昭和42年8月1日発行 『榊葉』第1号より


『更に飛躍を祈る』

 

 わが三重県神道青年会が、幹部諸君のご尽力によって、お互の研修を深め、斯道昂揚のために、青年らしく挺身され、年毎に充実されつつあることを、心から祝福し、お喜び申し上げて居りましたが、この度は情報時代に因み、機関紙を発行されることに相成り、其の企画を聞いて多大の敬意を表する次第であります。機関紙は新しい情報を交換し、お互の責任を明らかにするものであるから、会員の啓発に役立つは勿論斯道の為めに稗益する所大であり、今後益々発展されることを信じて疑いません。

 聊々青年時代は一生に二度とは到来しないのであるから、青年時代の長所を伸ばし、短所を袚ひ清めねばならない。或は自らを磨き学を修めるためのエネルギーに不足しないのが青年の長所である。そのために情熱溢れて血気にはやるのが短所でもあり又長所とも云はれて居る。

 神職として青年時代にこそ、古典の研究は因より祭式行事作法の修得、祭祀の厳修、教化の活動に万難を排して実績を積み上げて貰いたいものである。青年時代を怠けては取り返しがつかない。世に大学を卒業すれば、何でも知って居るかのように、錯覚を起し、世間の人も大切に遇するし、本人も亦何でも知って居るように振舞うことになって、大変な過ちを犯している事が多いので、それこそ気の毒な青年大学卒業者の多いことか。

 先輩も教えてくれましたように、大学を出て講習にも出ないで知ったか振りをする者は必ず落伍するであろう。その反対に中学卒を恥ぢることなく、青年らしく、講習に講習を積み重ねて研修怠らず、勉強に励むならば、立派な人格者としての神職になり得ることを心に刻んでおくべきでありましょう。

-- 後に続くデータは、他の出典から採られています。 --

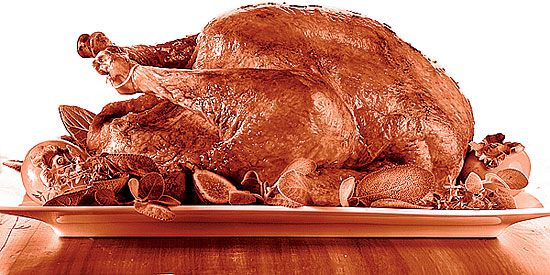 A Thanksgiving turkey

 一生取り返しのつかない落伍者を出さないように、励まし合い、親睦団結し、青年の血潮を燃やし、積極的な活動を進めて貰いたいものである。齢老境に入っては、やれないことが多い。即ち青年時代でなけねば実行出来ない分野を担当するために、青年神職の長所を愈々益々発揮して、或は先輩を鞭つ活動を、或は後輩の鑑となって励ます覚悟を持って頂きたい。

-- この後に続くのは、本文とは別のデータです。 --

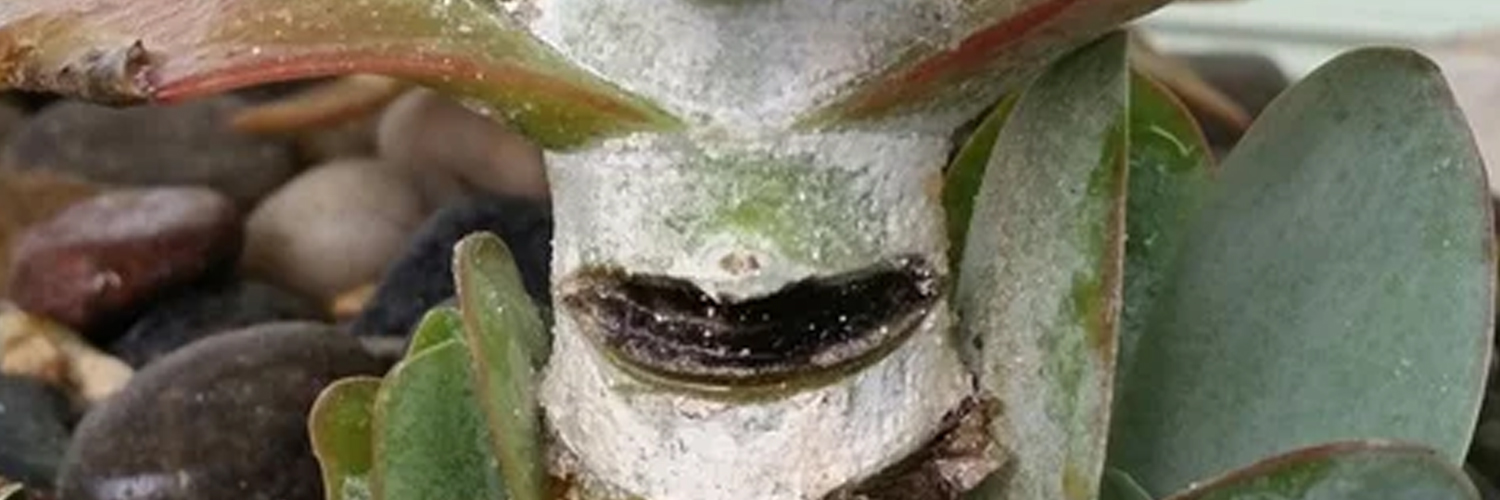 Moho gris o botrytis en suculentas y cactus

 現代は人手不足、殊に青年神職としても、人物に不足はなくとも、団体として人数に不足するのではないか。各神社での行事なり、氏子活動が忙しくなって、余暇の少くなっている青年神職の皆様でありますから、少い数の上に更に一層の団結を要請されるでありましょう。

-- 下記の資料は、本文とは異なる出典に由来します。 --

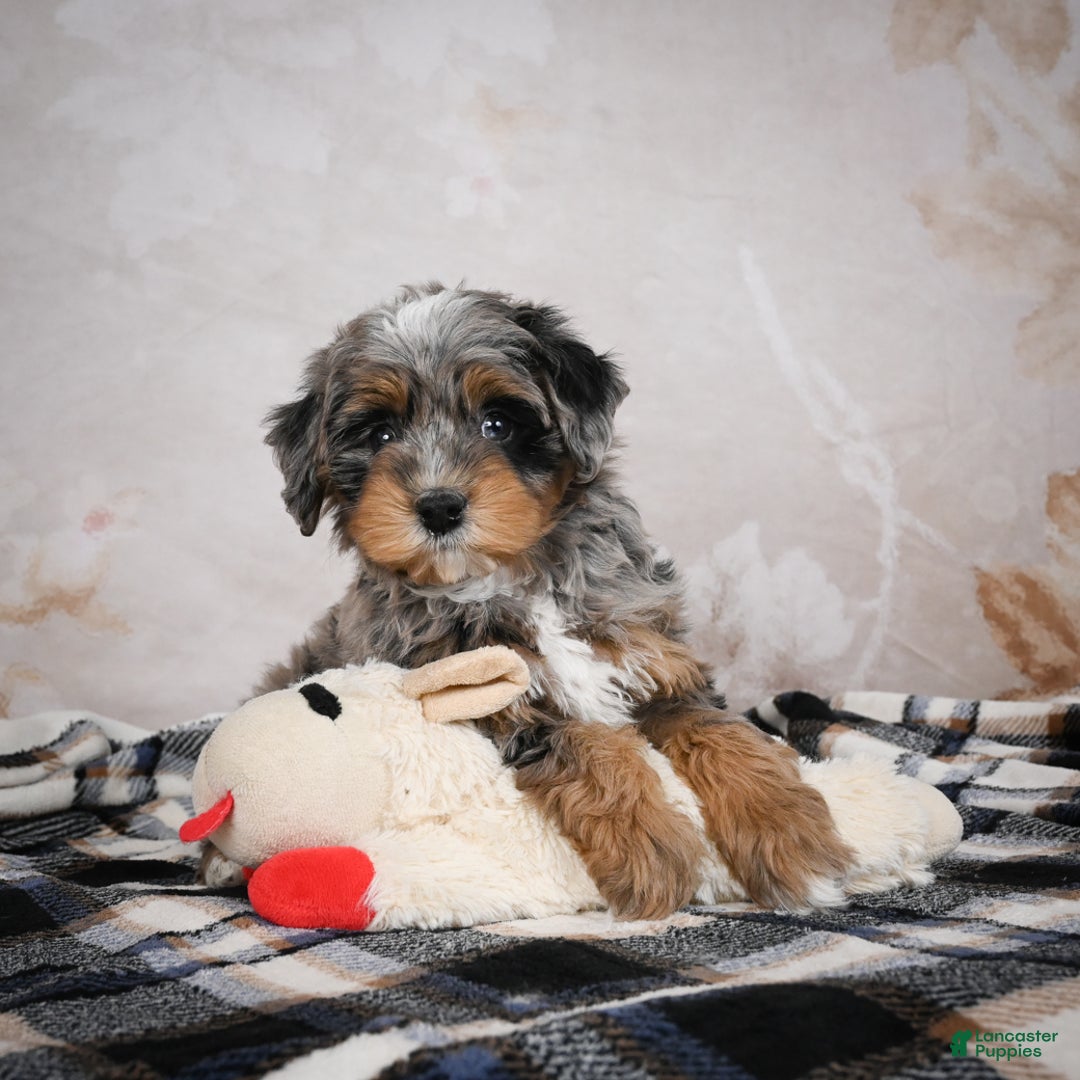 Bernedoodle dogs for sale: Gigi - Ad 11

 時局は洵に重大であります。殊に青年に期待する所実に多大なもののある折柄、民族の伝統精神を受継ぐことに於いて人伍に落ちない覚悟と決意とを有する青年神職の皆さまが、愈々一致団結して邦家を守り抜くための義勇奉公的活動を切に希ってやみません。

 この度新装成った宇治橋のように、古い伝統を守りつつ、新しさを求めて活躍して下さい。

 その意味に於いて、此の機関紙の今後の活用とご発展とをお祈りしてお祝辞と致します。